I have to admit as I read this that it became more real to me than ever before. Of course, as we get older and grow in knowledge of God’s Word, different passages that we haven’t read in a while take on a whole new life. Perhaps for me, it is simply because I have brothers who live far away and every time we get together it is a joyous occasion. We truly celebrate what it means to be husbands and fathers and what it takes to lead in our homes. We affirm each other’s success and admire how each other has grown. All of these emotions are so accessible in this story and I can only imagine how Joseph has longed for this moment…how he has dreamed about it, and how he probably never thought it would ever be possible.
Amidst all of this, I see something that is speaking to me as a leader.
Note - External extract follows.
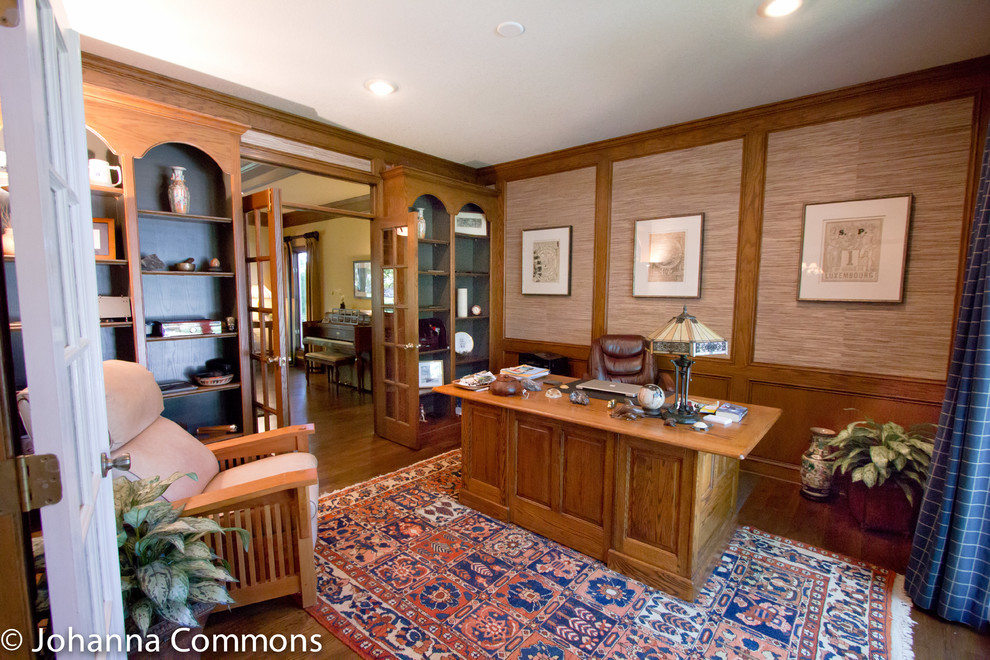 Inspiration for a traditional home office in Kansas City.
While I do believe that we can’t put leaders up on pedestals, I believe that leaders have to hold themselves accountable. We simply have to be the ones to step out in faith first. The way I see Joseph doing this is in how he forgives his brothers. What he essentially says is, “thank you for your apology, but please don’t lose anymore sleep over it. Rather, join me in celebrating because it is obvious that this was a part of God’s plan to bless all of us in a time of great hardship.”
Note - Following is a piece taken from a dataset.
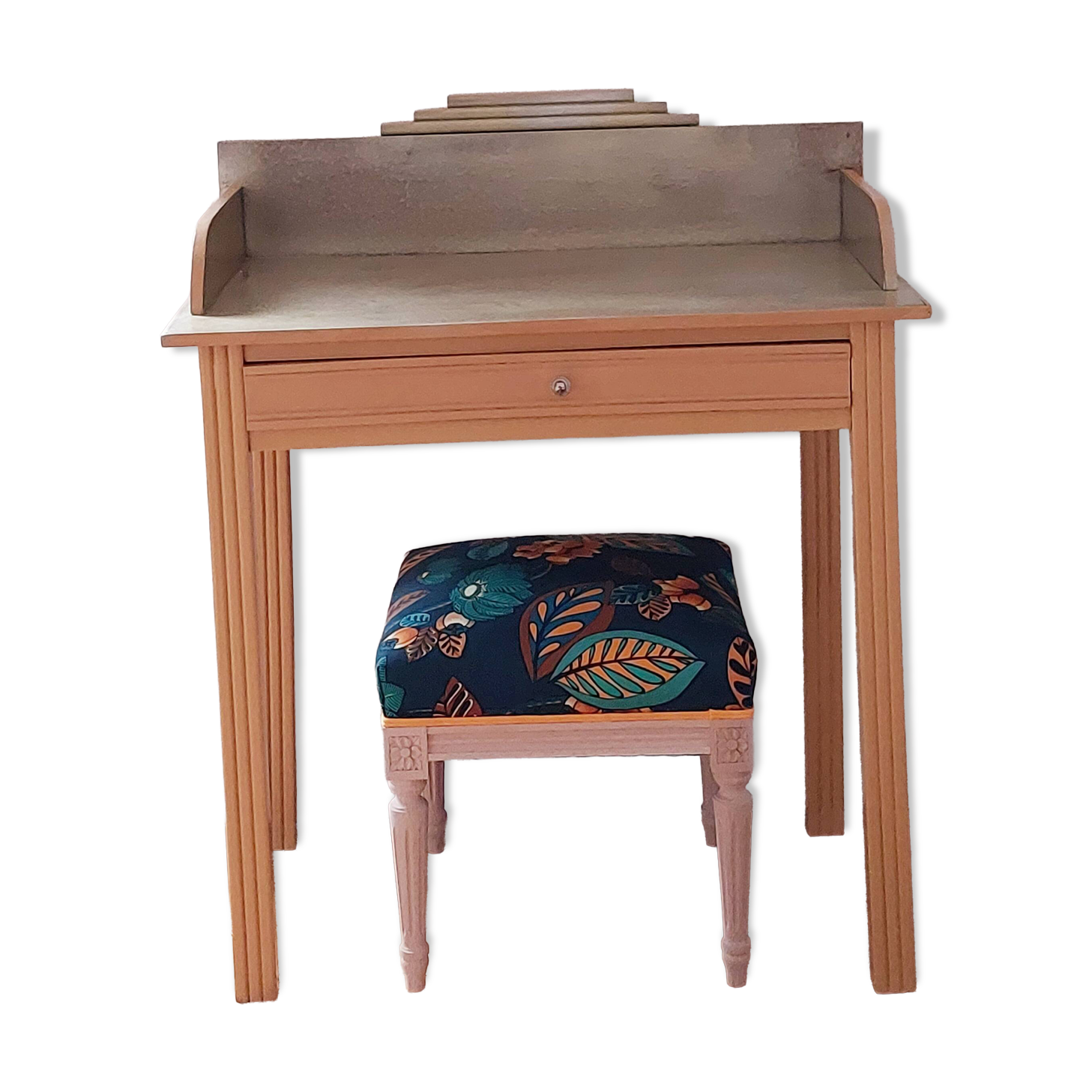 Petit bureau rénové Art Déco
Now, I don’t know if he actually felt like that. I’m inclined to believe that he could have and probably did still have some very real hurt deep inside that was always in danger of bubbling to the surface. However, realizing the great influence inherent in his position, he must have recognized that in order to get beyond it, someone was going to have to make a gesture toward the other. A great gulf, caused by his brother’s actions, still existed between them, and the one who was offended (Joseph) realized that the only chance of true reconciliation with them was for him to step into that space and bridge the gap.
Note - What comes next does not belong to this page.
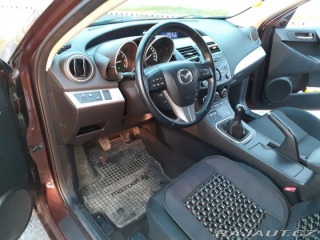 Mazda 3 1,6 benzin 2012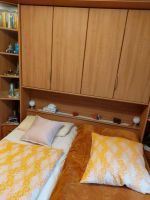 Schlafzimmerdoppelbett mit Hängeschränke Brandenburg - Müllrose Vorschau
The connection to what Christ did for us in reconciling himself to us is obvious, but perhaps not so obvious is the leadership that is shown in Joseph. It may seem like I’m grasping at straws, but I can’t get over this one verse…
Then he sent his brothers away, and as they departed, he said to them, “Do not quarrel on the way.”
I find that to be so amazing because in the midst of an episode where Joseph could have excused himself from the responsibility of fixing everybody’s lives for one day, he recognizes something in his brothers: they still fight all the time. They still argue and it disrupts their unity. Joseph, recognizing this, realizes that in that moment, he needs to use his new-found influence with them to help them. In fact, I would suggest that a part of the reason for his forgiveness is so that he can earn the right to speak into their lives. By removing the barrier between them, he earns enough leverage to be able to help them with a problem that has gone on for too long. In this moment, Joseph quickly moves from the position of martyr to that of a spiritual father because he is a leader, and leaders always step up. When the going gets tough, leaders always stand in the gap.
I am in awe of this man and am challenged by his behavior. What grace must have been afforded to him and what humility must be in his possession. If I am to ever imagine playing on that kind of level, I have to fully internalize one very central idea: it’s not about me. Guess what? It’s not about you. It’s about God and his glory and we have a part to play in that. Whether you’re a leader or not, God is looking for people to stand in the gap. It’s how healing happens. Jesus modeled it on the cross and said, “if anyone wants to be my disciple, he must deny themselves and take up their cross and follow me.” (Matthew 16:24) In short, it’s what followers of Christ do. Freely we have received, and freely we give. Freely we forgive, because freely we have been forgiven.